Betrachtet man nur die nackten Zahlen, ist die finanzpolitische Lage Hamburgs nach zwei Jahren Schwarz-Grün desaströs. Die Neuverschuldung hat ein Rekordhoch erreicht, 1,5 Milliarden Euro musste sich die Stadt für die Rettung der HSH Nordbank leihen, mehrere Hundert Millionen, um bei Hapag-Lloyd einzusteigen, die Kosten diverser Projekte laufen aus dem Ruder, die der Elbphilharmonie haben sich gar auf 323 Millionen verdreifacht. Dass im Herbst 2009 spekuliert wurde, wie lange Finanzsenator Michael Freytag (CDU) das noch mitmacht, verwundert nicht - aus seiner Sicht lief fast alles schief.
Doch darf und muss mit Berechtigung gefragt werden: Inwiefern kann man die miserable Lage überhaupt dem Senat ankreiden? War es nicht viel mehr die internationale Finanzkrise, die jegliche Konsolidierungsbemühungen zunichte gemacht hat? Die Antwort liegt, wie so oft, in der Mitte. Tatsache ist: Finanzpolitisch betrachtet war Schwarz-Grün vom Start weg ein Schönwetterprojekt. Weil im Frühjahr 2008 die Steuern sprudelten wie nie zuvor in der Geschichte Hamburgs, entstand der Koalitionsvertrag unter dem Motto "Wünsch dir was", der Punkt "Haushalt/Finanzen" wurde ganz am Ende auf einer halben Seite abgehandelt. Auch die heraufziehende Finanzkrise sollte die schwarz-grünen Flitterwochen nicht stören: Statt Schulden zu tilgen oder Rücklagen zu bilden, wurde das Geld mit vollen Händen ausgegeben - wobei 2008 trotzdem, ebenso wie 2007, ein ausgeglichener Haushalt stand. Eine glückliche Fügung.
Doch kaum ein Jahr später war das Glück aufgebraucht. Als die Steuereinnahmen 2009 einbrachen, blieb dem Senat kaum etwas anderes übrig, als die Lücke von sechs Milliarden Euro (bis 2014) über Kredite zu füllen. Das Problem sind dabei weniger die Investitionen in Projekte wie Schulreform, Elbphilharmonie, Stadtbahn oder Elbvertiefung - das sind einmalige Ausgaben, die ja auch neue Werte schaffen. Der Mühlstein um den Hals des Senats sind vielmehr die durch diverse Einzelmaßnahmen enorm gesteigerten laufenden Ausgaben. Mehr und teilweise kostenlose Kitaplätze, niedrigere Studiengebühren, eine "Arbeitsstelle Vielfalt" gegen Diskriminierung - von den Kosten für diese Segnungen kommen CDU und GAL jetzt kaum noch herunter.

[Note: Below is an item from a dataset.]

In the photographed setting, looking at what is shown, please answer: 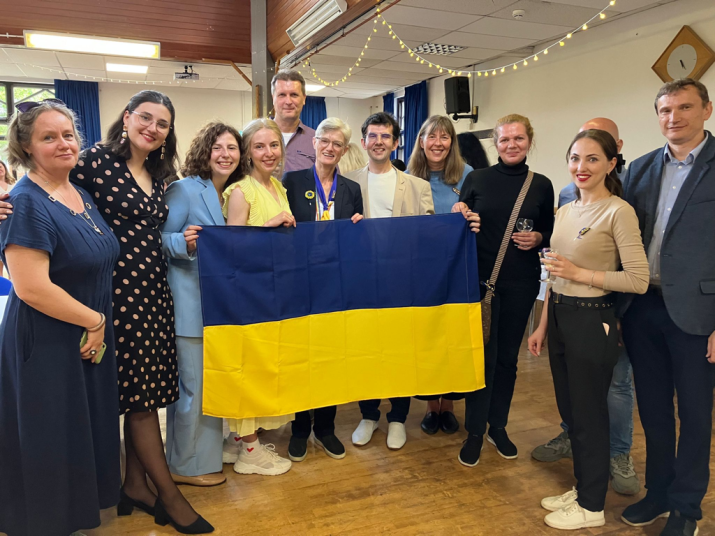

Das zeigte sich im Herbst 2009, als ein Sparprogramm aufgelegt wurde, um die Zinsen für die neuen Kredite aus eigener Kraft zahlen zu können. Das Ergebnis war ein Aufschrei der Empörung, weil zum Beispiel das Mittagessen in Kitas 40 Cent teurer werden sollte. Aber was wäre die Alternative gewesen? Noch mehr Schulden! Für den Finanzsenator heißt das: Probleme bekommt er so oder so. Aber ist er deswegen auch das Problem? Abgesehen von einigen ungeschickten Äußerungen steht der Beleg dafür noch aus.
Anlass zur Hoffnung bietet ausgerechnet die HSH Nordbank. Zwar wird sich vor allem Freytag im Untersuchungsausschuss noch der Frage stellen müssen, warum er die Lage so lange schöngeredet hat. Aber nicht zu leugnen ist, dass die Rettung die Stadt bislang noch keinen Cent gekostet hat. Im Gegenteil: Unter dem Strich kassieren Hamburg und Schleswig-Holstein pro Jahr 150 Millionen Euro an Gebühren. Sollte die Garantie der Länder unangetastet bleiben, könnte die Aktion am Ende sogar ein gutes Geschäft werden. Das ist aber, wie gesagt, nur eine Hoffnung.